Practical Lessons for Campus Historians
For those tasked with preserving university heritage, Deen’s article offers both a model and a caution. On the positive side, it demonstrates the power of vivid, human‑scale storytelling. Institutional archives too often reduce history to dates and names; Deen’s anecdotes restore the laughter and tension of daily life. To build on this, universities should systematically record oral histories. Audio or video interviews with alumni, tagged with metadata and cross‑referenced with written records, can transform fleeting memories into durable cultural resources.

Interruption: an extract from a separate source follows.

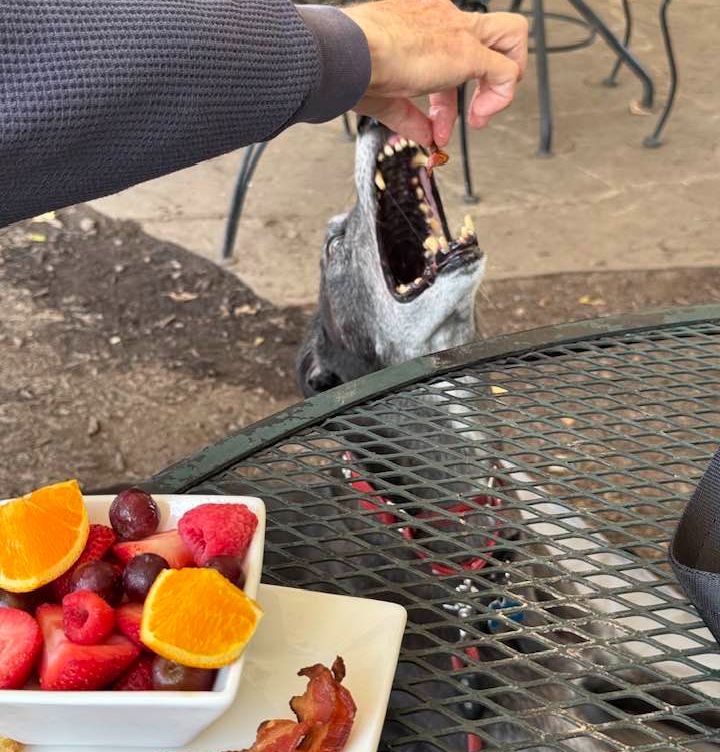 If get your snacks at Kroger, please be sure to participate in the Kroger Community Rewards Program with GALT selected as your beneficiary.  We are listed as “GREYHOUND ADOPTION LEAGUE OF TEXAS” and our account code is WA375.   #Greyhounds #Groceries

But the work must go beyond collecting “funny bits.” Archivists should seek out voices absent from Deen’s narrative. Interviews with women, international students, and non‑elite participants can balance the picture. Additionally, every humorous anecdote should be contextualized with its structural underpinnings: when and why was the dress code instituted? What were the consequences of breaching it? How did the viva voce process affect students of different backgrounds? Answering these questions through archival research turns charming stories into rigorous history.
The Productive Tension Between Lightness and Gravity
At its best, Deen’s article achieves what good reminiscence should: it opens a window into the rhythms of a campus that no longer exists in quite the same form. The formal dinners, the oral exams, the mockeries of authority—all are captured with warmth and economy. The piece is a prompt, an invitation to dig deeper. It reminds us that institutions are made of people, and people are made of stories. The naked student, the “Old McDonald” viva, and the mangled council speech will continue to be told because they are vehicles for larger truths about hierarchy, resistance, and belonging.
The challenge is to let these stories breathe while also holding them accountable to evidence. For readers interested in the history of higher education, the article works best as a first course. Pair it with archival records, demographic data, and wider cultural analysis, and the legends become more than entertainment—they become inkblots of a society’s aspirations and anxieties.
In the end, the tie worn alone, the tape‑recorded nursery rhyme, and the loud calls for “huka paang” are acts of translation. They take the heavy vocabulary of colonial academia and render it into a local idiom of wit. By collecting and critiquing these translations, we begin to understand not just what Peradeniya was, but how it felt to be part of it—and why that feeling still matters, decades later, in a world of very different campuses.